President Obama said in Madison yesterday that America is stronger when everyone can count on health insurance, Social Security, and Medicare. And he told 20,000 of his supporters that the powerful interests backed by Republicans are counting on them to be so tired of the campaign that they’ll stay home tomorrow. The Democrat Obama told the crowd, quote, “Their bets on cynicism – well, Wisconsin, my bet’s on you.” Rock legend Bruce Springsteen sang four numbers as he introduced the president. And “The Boss” joked that Obama’s first debate with Republican Mitt Romney quote, “really freaked me out.” That was the debate that even his supporters said he lost because he wasn’t aggressive enough in challenging Romney – something he turned around in his last two debates. Meanwhile, in Virginia today, Romney said he could more to lift the nation out of the hard economic times that dominated Obama’s term. In Romney’s words, “This nation is going to begin to change for the better tomorrow.”

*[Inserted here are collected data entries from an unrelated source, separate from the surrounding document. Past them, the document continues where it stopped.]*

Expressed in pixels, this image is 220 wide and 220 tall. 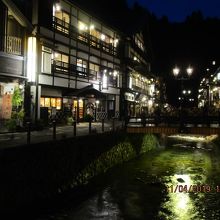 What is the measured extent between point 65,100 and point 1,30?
42.4 ft

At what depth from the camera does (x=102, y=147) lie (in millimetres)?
20016

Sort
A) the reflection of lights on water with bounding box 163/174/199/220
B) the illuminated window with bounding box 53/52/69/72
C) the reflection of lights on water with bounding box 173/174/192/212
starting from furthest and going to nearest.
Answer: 1. the illuminated window with bounding box 53/52/69/72
2. the reflection of lights on water with bounding box 173/174/192/212
3. the reflection of lights on water with bounding box 163/174/199/220

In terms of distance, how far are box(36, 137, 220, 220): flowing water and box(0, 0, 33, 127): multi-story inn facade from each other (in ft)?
28.1

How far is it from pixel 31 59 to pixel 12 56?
8.84ft

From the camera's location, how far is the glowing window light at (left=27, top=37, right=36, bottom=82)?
25859mm

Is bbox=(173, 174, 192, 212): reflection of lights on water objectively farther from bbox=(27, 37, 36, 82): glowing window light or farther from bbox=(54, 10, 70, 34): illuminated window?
bbox=(54, 10, 70, 34): illuminated window

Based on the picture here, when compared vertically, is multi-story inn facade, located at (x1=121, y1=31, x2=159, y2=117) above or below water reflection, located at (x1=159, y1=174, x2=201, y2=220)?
above

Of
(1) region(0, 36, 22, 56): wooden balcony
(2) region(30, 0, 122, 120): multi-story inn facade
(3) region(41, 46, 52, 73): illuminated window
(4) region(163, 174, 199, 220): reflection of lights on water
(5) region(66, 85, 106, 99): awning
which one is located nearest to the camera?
(4) region(163, 174, 199, 220): reflection of lights on water

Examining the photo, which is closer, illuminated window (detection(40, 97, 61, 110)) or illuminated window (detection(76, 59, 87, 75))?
illuminated window (detection(40, 97, 61, 110))

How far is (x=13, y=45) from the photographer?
2386 centimetres

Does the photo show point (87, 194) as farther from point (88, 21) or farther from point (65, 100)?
point (88, 21)

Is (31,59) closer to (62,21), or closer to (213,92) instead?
(62,21)

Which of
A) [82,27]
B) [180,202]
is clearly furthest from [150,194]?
[82,27] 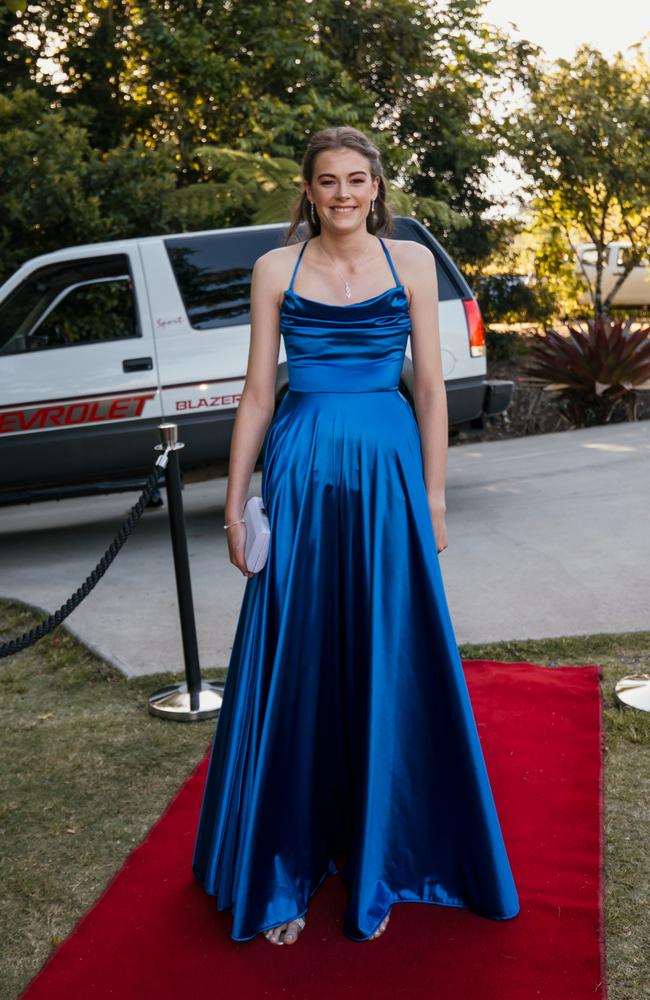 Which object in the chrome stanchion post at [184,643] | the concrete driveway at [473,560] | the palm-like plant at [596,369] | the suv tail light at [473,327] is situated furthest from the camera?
the palm-like plant at [596,369]

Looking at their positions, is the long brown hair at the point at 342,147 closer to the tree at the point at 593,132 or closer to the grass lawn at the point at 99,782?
the grass lawn at the point at 99,782

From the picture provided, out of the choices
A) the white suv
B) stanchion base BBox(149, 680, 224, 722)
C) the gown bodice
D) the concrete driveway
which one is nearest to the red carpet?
stanchion base BBox(149, 680, 224, 722)

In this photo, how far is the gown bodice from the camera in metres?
2.66

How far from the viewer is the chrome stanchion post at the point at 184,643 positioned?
4191 millimetres

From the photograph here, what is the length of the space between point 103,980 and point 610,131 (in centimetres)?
1376

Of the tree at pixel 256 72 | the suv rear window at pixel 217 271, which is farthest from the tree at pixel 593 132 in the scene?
the suv rear window at pixel 217 271

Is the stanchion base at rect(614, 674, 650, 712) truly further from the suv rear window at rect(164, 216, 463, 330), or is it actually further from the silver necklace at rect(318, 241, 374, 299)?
the suv rear window at rect(164, 216, 463, 330)

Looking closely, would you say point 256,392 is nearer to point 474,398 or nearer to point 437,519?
point 437,519

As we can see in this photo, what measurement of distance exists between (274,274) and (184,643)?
2049 mm

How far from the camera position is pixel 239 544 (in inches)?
108

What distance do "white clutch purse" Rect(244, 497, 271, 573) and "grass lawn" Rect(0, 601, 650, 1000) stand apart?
1154 mm

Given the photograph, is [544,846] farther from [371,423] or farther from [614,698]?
[371,423]

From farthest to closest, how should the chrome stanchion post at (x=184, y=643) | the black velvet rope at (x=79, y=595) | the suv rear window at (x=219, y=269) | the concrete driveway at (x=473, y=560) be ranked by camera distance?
the suv rear window at (x=219, y=269) < the concrete driveway at (x=473, y=560) < the chrome stanchion post at (x=184, y=643) < the black velvet rope at (x=79, y=595)

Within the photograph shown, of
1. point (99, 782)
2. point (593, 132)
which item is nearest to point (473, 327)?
point (99, 782) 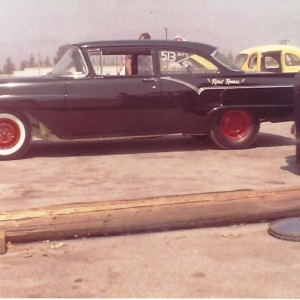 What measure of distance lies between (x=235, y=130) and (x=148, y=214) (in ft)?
14.0

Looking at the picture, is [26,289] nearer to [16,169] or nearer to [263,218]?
[263,218]

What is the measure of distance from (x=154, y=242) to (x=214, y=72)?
14.2ft

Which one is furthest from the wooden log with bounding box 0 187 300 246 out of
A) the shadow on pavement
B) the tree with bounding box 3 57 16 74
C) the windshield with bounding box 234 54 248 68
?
the tree with bounding box 3 57 16 74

Election Day could be a snowy day in the northern half of Wisconsin. The National Weather Service says grassy areas could get about an inch, in what would be the first measurable snow of the season. Southern Wisconsin expects mostly rain – but even Milwaukee has a little light snow in its forecast for this morning. If you’re wondering who benefits, it’s apparently the Republicans. According to a poll by the Weather Channel in August, 35-percent of undecided Americans said bad weather could keep them from voting – while 27-percent of Democrats and only 20-percent of Republicans felt that way. It might be a little different in Wisconsin, though, where people take pride in not letting a little snow stop them. UW-Milwaukee analyst and former state senator Mordecai Lee says senior citizens would quote, “vote in a hurricane, even if there was only a dog-catcher on the ballot.” But Marquette University professor John McAdams says any Election Day weather effect is dampened by the 20-percent of state residents who vote early. A Marquette Law School poll from last week showed that Democrats got the majority of early votes in both the presidential and U.S. Senate races in Wisconsin. By the way, the rain-and-snow are supposed to end when the confetti runs out at tonight’s election parties. Clear skies are predicted on the day after the elections, with highs in the 30’s-and-40’s.